Plaintiffs also contend that the dividends declared on November 12, 1947, December 22, 1947, March 10, 1948 and June 8, 1948 must be treated the same as the $3 dividend.
Paragraph VI(C) of the Plan provides:
"Holders of Prior Preference Stock upon consummation of the Plan are to receive in full satisfaction of their claims thereon, including all accrued and unpaid dividends, for each share of such stock, 6 1/3 shares of PGE Common Stock and the rights of the holders of such stock shall be modified and altered accordingly."
It included all dividends plaintiffs were entitled to as of October 31, 1945. See Petition of Portland Electric Power Co., 9 Cir., 162 F.2d 618 where the Plan was approved.

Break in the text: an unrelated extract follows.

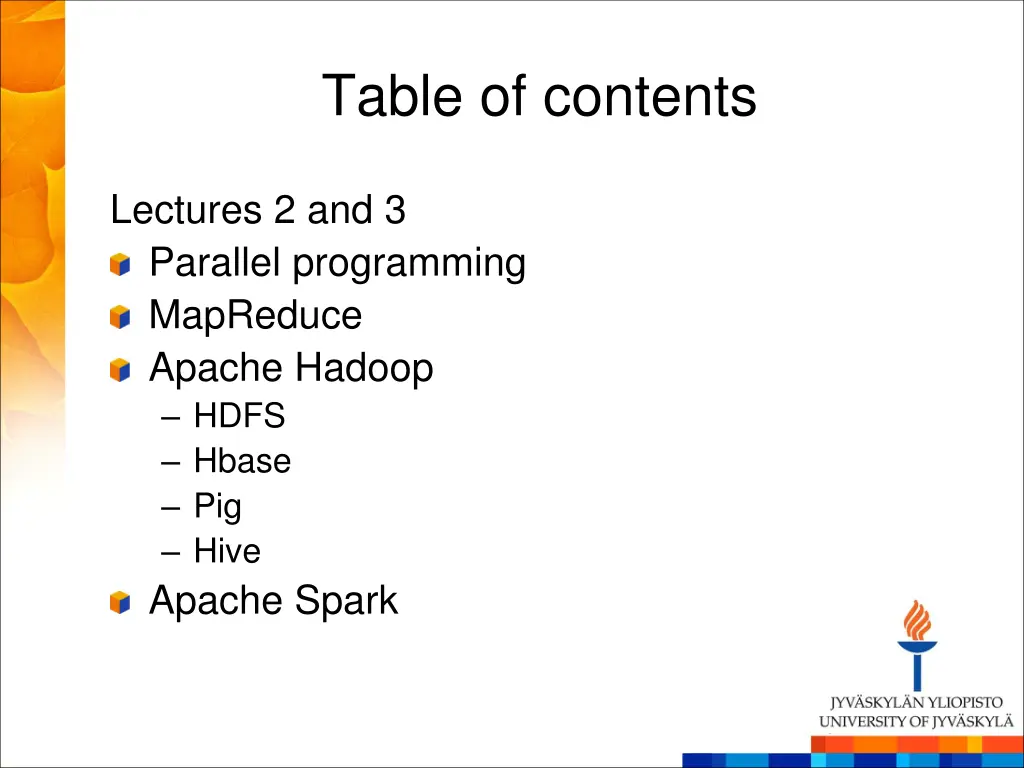 table of contents 1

We hold that the $3 and subsequent dividends on PGE stock were not liquidating distributions but were distributions of earned profits of PGE, a going concern, and are to be treated as ordinary dividends.
For the reasons herein stated, the order of the district court from which plaintiffs appeal is affirmed.
Affirmed.
My conviction that this case should be reversed is such that I feel compelled to dissent. Judge SCHNACKENBERG has made an adequate statement of the facts and I disagree only with the rule which he applies thereto.
The government relies upon the theory of constructive receipt in holding plaintiffs accountable for the dividends as ordinary income. It appears to waver, however, as to the time of such receipt. It states in its brief, "* * * the dividend income was clearly realized by taxpayers in 1948, and it was so realized not later than the dates when collected as part of the proceeds of the sales of the Portland stock."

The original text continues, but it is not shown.